= Directions for this task =
In the listing below, find the line that contains "trinSoftball's tweet photo." and the line that contains "Dave Warner's From". Quote both and every line between them, exactly, and nothing more.

*** Supplied records ***

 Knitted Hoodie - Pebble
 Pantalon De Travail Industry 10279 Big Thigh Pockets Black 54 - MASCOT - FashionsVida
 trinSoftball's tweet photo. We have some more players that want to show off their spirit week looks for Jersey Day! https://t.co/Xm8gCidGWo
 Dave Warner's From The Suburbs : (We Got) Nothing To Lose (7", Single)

*** End of Supplied records ***
*** Supplied records ***

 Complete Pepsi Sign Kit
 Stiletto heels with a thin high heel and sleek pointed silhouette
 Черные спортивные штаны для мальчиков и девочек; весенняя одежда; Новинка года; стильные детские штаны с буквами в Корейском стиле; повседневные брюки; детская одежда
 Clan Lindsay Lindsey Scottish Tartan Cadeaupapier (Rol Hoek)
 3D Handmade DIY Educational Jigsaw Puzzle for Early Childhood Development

*** End of Supplied records ***
*** Supplied records ***

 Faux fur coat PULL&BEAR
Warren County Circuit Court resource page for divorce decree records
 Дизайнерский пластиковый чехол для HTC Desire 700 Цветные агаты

*** End of Supplied records ***

= Output of the task =
 trinSoftball's tweet photo. We have some more players that want to show off their spirit week looks for Jersey Day! https://t.co/Xm8gCidGWo
 Dave Warner's From The Suburbs : (We Got) Nothing To Lose (7", Single)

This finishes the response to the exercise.